EXTRACTED RECORDS =
---

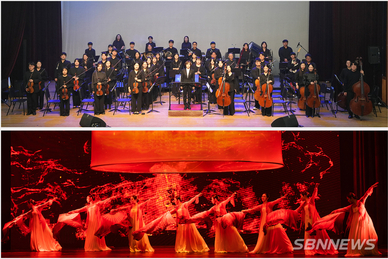 서천지역 문화예술 ‘새 판’ 짠다… 국비 3.6억 확보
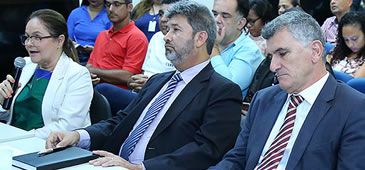 070617_comissao_consumidor_ales.jpg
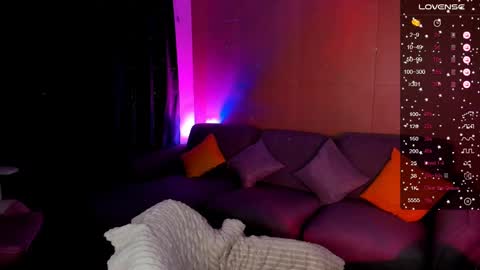 Snapshot of olivia_munn chatting on February 14, 2:39 am Olivia online show from February 14, 2:39 am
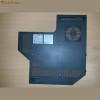 Capac Bottomcase Acer Aspire 5520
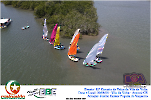 32° Circuito de Velas da Vila da Volta 30.08.26-18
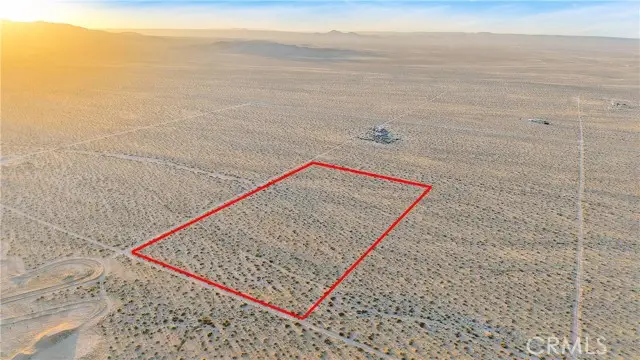 4625511 Drifting Sands Rd, Adelanto, CA 92301 - #3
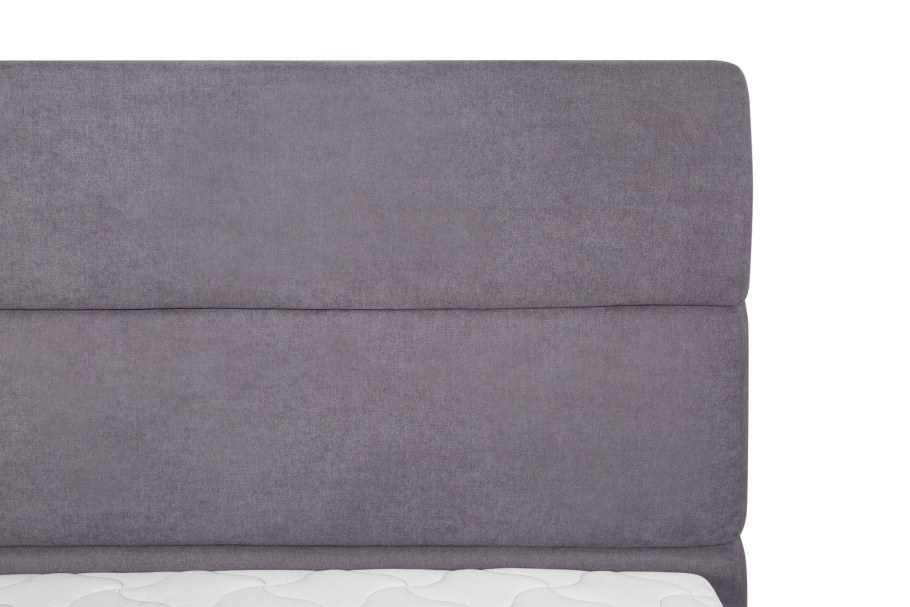 Супер диваны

---

Repeat every entry above word for word, and include no pictures.

TASK OUTPUT =
 서천지역 문화예술 ‘새 판’ 짠다… 국비 3.6억 확보
 070617_comissao_consumidor_ales.jpg
 Snapshot of olivia_munn chatting on February 14, 2:39 am Olivia online show from February 14, 2:39 am
 Capac Bottomcase Acer Aspire 5520
 32° Circuito de Velas da Vila da Volta 30.08.26-18
 4625511 Drifting Sands Rd, Adelanto, CA 92301 - #3
 Супер диваны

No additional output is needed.